*** Material provided Section Begins ***

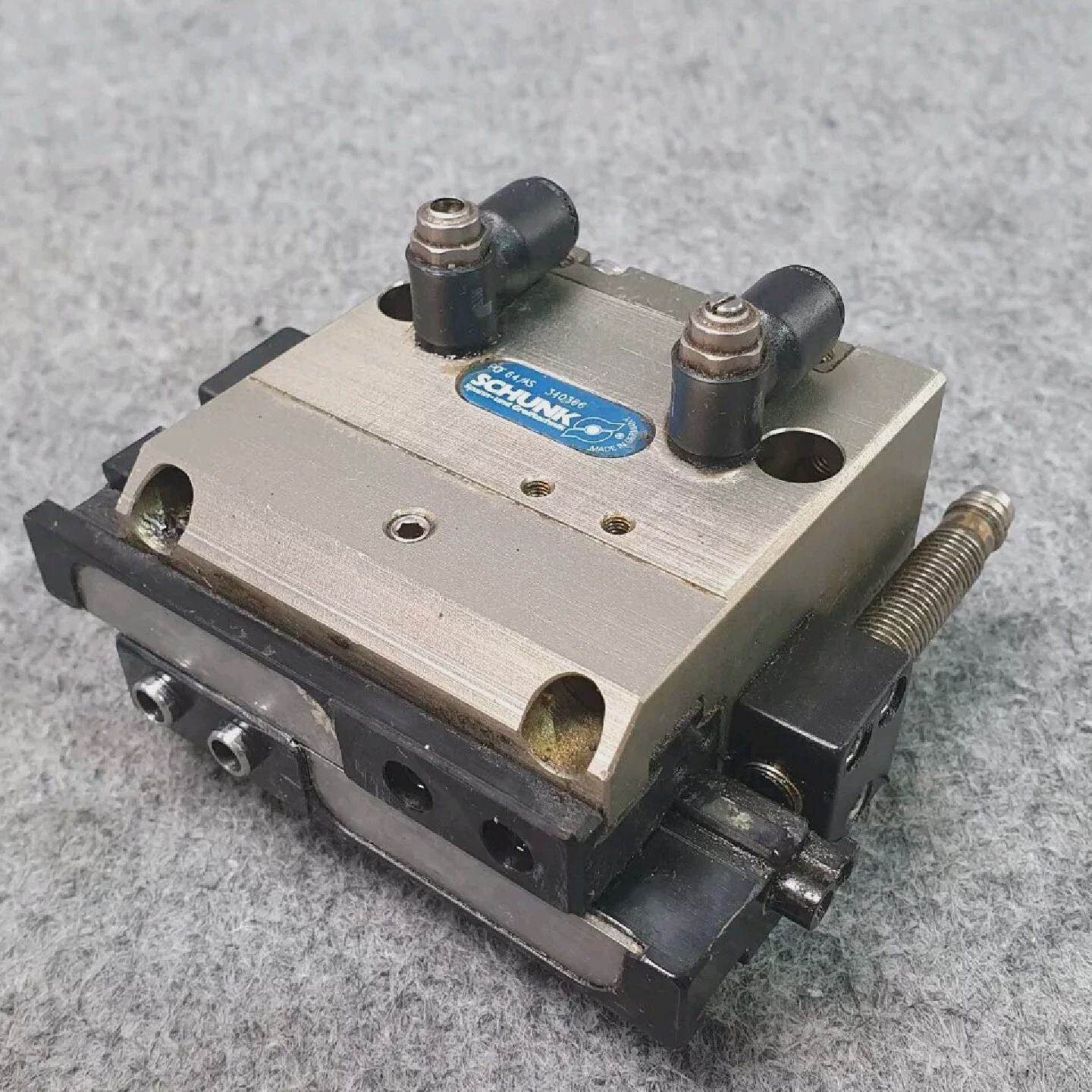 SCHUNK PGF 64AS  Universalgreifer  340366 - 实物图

*** Material provided Section Ends ***
*** Material provided Section Begins ***

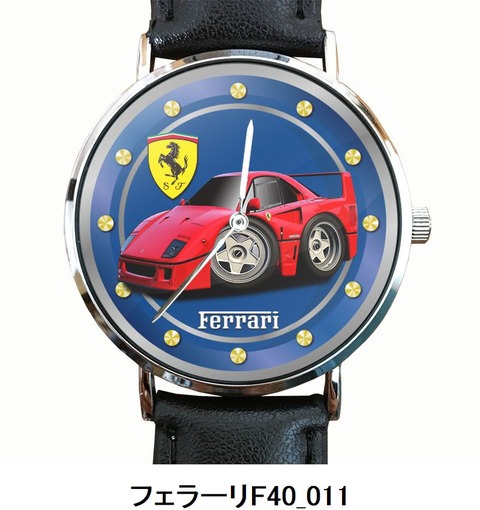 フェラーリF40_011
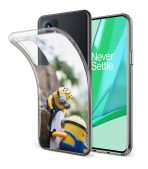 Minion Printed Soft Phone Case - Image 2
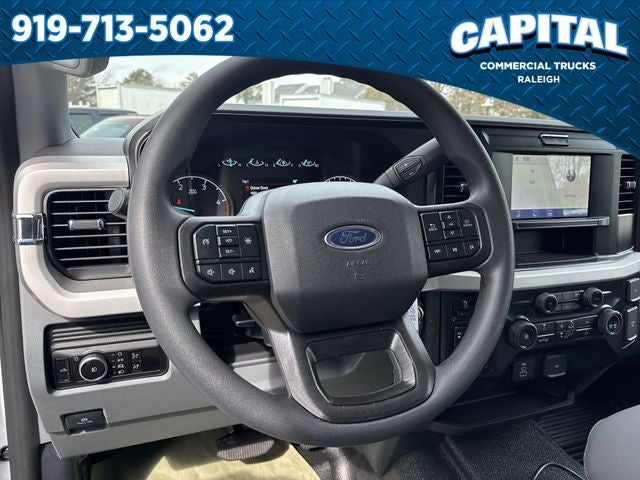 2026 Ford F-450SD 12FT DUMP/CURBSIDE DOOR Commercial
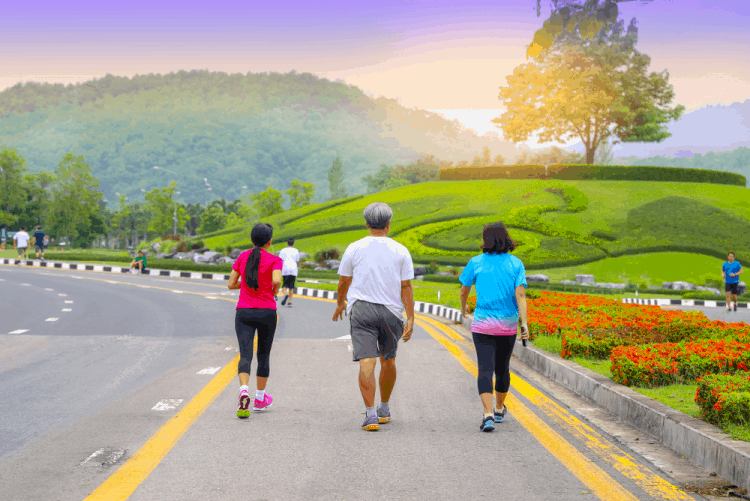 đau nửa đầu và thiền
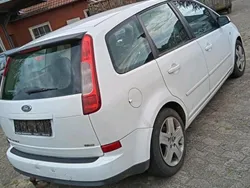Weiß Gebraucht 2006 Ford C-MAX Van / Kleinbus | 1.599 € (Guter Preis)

*** Material provided Section Ends ***

### What is expected
Look above for the line with "đau nửa đầu và thiền" and the line with "Weiß Gebraucht 2006", then restate exactly those two lines and all lines between them, with no pictures.

### Output
 đau nửa đầu và thiền
Weiß Gebraucht 2006 Ford C-MAX Van / Kleinbus | 1.599 € (Guter Preis)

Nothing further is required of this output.